Outside the ship, Shiro taps the side of his helmet twice, cueing the Pangalactic Informational Directive Garrison Educational system online. 

“Alright there?”

“Ready and rarin’,” PIDGE responds, voice wry. “How come you never boot me up except when you’re doing something dangerous?” 

“I only need you when I can’t do everything myself,” Shiro says, feeling a little foolish about explaining himself to an AI. 

“Pretty sure that’s how people work, though? Humans are social creatures, Shiro. Though what do I know, amiright?” Shiro rolls his eyes. “I saw that. Ship is armed and automated, and live feed patched to remote communications.” Behind him, he hears the creak of the ship’s outer shields activating. “The atmosphere is 78.05% nitrogen, 20.95% oxygen, and 1% variable gasses.” 

“Those are human levels,” Shiro notes with surprise. 

PIDGE snorts. “So Earthrocentric. Many species from varied environments developed similar atmospheric requirements. Like Olkarian or Daibazaal.”

“Duly noted,” Shiro says. “No need for the full PPE, then?” 

“No. And your filtration system probably needs a good cleaning anyway. It won’t be more than 60% effective against biological scent, including hyperosmia or pheromone changes, so-” Shiro’s helmet folds back into itself, retracting into his suit except for the thin visor across his eyes, connecting to his earpiece. He takes a deep breath. The air is metallic and slightly stale, in the way space stations often are, without constant intake or oxygenation tank refreshers. Still, it’s good air and he feels fine breathing it in. Shiro’s always had a good sense of smell and taste besides; all alphas do. The visor scans his surroundings, recording what he sees for later study, highlighting briefly what he focuses on. 

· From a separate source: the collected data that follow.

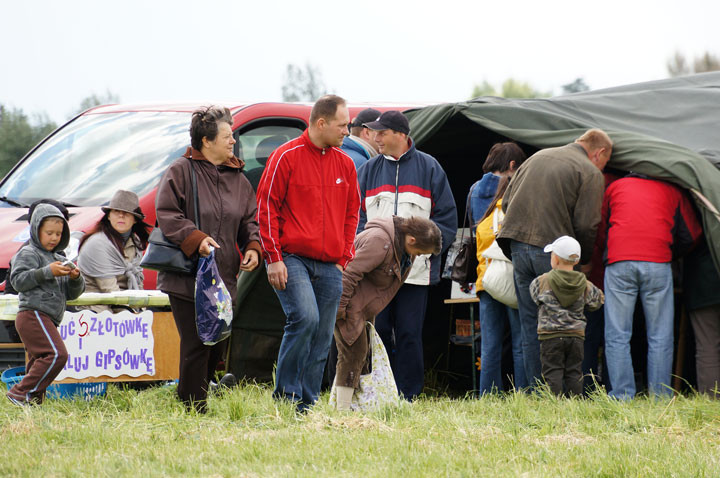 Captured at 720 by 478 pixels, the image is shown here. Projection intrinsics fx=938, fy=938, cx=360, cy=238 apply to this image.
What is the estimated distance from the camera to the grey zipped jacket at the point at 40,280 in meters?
5.67

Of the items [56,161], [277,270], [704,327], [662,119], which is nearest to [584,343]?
[704,327]

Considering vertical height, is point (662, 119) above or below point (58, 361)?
above

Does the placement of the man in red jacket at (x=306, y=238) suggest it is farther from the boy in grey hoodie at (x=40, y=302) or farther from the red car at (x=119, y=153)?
the red car at (x=119, y=153)

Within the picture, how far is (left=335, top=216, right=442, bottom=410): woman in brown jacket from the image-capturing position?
5852mm

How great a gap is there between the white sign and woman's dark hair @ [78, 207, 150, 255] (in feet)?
2.83

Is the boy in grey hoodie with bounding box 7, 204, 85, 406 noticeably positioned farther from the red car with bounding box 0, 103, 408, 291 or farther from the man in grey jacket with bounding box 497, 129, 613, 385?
the man in grey jacket with bounding box 497, 129, 613, 385

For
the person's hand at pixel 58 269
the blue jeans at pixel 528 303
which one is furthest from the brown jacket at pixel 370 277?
the person's hand at pixel 58 269

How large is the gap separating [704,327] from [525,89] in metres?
70.6

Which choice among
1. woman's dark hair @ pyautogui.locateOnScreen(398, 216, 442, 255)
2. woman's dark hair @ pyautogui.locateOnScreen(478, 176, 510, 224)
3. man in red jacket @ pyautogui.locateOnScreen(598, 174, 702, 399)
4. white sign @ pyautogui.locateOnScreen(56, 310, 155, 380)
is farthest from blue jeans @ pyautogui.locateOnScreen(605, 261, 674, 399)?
white sign @ pyautogui.locateOnScreen(56, 310, 155, 380)

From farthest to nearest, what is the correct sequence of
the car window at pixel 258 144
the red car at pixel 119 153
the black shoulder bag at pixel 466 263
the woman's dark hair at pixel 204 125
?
1. the car window at pixel 258 144
2. the red car at pixel 119 153
3. the black shoulder bag at pixel 466 263
4. the woman's dark hair at pixel 204 125

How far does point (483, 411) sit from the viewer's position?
5.76 m

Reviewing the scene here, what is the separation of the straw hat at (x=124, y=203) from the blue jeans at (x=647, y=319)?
3586 millimetres

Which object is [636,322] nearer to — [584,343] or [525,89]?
[584,343]

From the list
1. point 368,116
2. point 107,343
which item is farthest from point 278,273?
point 368,116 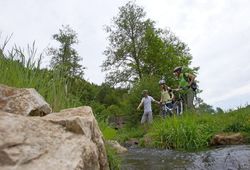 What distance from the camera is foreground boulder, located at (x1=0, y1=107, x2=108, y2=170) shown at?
3268 millimetres

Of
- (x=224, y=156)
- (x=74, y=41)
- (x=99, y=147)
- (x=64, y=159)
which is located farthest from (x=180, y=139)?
(x=74, y=41)

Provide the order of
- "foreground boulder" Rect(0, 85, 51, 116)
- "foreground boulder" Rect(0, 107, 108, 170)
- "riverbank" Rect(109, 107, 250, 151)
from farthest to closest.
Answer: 1. "riverbank" Rect(109, 107, 250, 151)
2. "foreground boulder" Rect(0, 85, 51, 116)
3. "foreground boulder" Rect(0, 107, 108, 170)

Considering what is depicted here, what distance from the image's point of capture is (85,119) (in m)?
4.38


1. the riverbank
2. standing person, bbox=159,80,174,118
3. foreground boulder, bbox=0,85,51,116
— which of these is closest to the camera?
foreground boulder, bbox=0,85,51,116

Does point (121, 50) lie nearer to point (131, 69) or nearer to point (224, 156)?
point (131, 69)

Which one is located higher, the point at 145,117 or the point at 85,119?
the point at 145,117

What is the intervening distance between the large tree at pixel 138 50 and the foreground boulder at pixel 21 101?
110ft

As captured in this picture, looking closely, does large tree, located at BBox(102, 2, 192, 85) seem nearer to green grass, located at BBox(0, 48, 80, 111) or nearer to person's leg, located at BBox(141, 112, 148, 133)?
person's leg, located at BBox(141, 112, 148, 133)

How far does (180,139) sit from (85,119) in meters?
8.98

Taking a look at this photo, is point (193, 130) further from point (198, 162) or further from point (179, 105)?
point (179, 105)

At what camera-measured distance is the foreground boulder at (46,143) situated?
3.27 metres

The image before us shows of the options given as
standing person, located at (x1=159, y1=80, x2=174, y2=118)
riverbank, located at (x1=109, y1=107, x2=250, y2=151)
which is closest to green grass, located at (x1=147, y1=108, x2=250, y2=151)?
riverbank, located at (x1=109, y1=107, x2=250, y2=151)

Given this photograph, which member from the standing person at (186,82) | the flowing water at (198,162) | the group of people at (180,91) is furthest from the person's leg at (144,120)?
the flowing water at (198,162)

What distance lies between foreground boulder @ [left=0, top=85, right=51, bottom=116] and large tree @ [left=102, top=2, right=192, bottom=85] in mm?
33597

“See anything valuable?” Shiro asks, stepping slowly around 

“What are you, a Junker? A lot of this stuff would belong in a museum, if it were in working order.” PIDGE scoffs. “Nothing you’ve scanned so far is worth the fuel it’d take to haul it back. Saving up for something special?”

“I’m broke.”

“Hm. A scan of your credit history says otherwise. You have a tidy sum set away in the trust account from the Holt Institute, even if your personal account is only fractionally net positive.” 

“I don’t touch that,” Shiro says darkly. He walks into the ruins of the shuttle bay, glances with interest over the touch-sensors, and the more-or-less intact purple lights along the floor, guiding him past overturned crates and empty security stations. Once he steps out of the emergency landing area and into the central hub, his breath catches. It’s not huge, but it’s impressive, all dark metallic beams and criss crossing pathways. This was an important place, once. 

“What is this?”

“It’s a research facility, pre-Coalition era, Galra Empire.” PIDGE identifies. “Translation systems are a go.” Shiro’s gaze sweeps across the space and the signage rearranges itself in the visor to spell out basic directions. Main dock, emergency hangar, mainframe, storage, labs. 

Labs. 

Shiro shivers. 

“Shiro?” PIDGE beeps. “You are exhibiting signs of emotional duress. Would you like a microdose of oxytocin to counteract the adrenal response?” 

“Negative,” Shiro says sharply. 

“Your blood pressure-”

“I said no,” Shiro snaps. “This is why I don’t activate you shipside.” 

PIDGE huffs. “No need to be rude about it.” 

Shiro ignores the AI, electing instead to turn down the corridor marked mainframe. There’s likely to be a jack PIDGE can plug into and run a scan for inventory or shipment records that will tell them if anything is worth picking over. It’s also likely to be the source of the FRB. 

A few steps down the dimly lit corridor, though, and Shiro freezes in place. 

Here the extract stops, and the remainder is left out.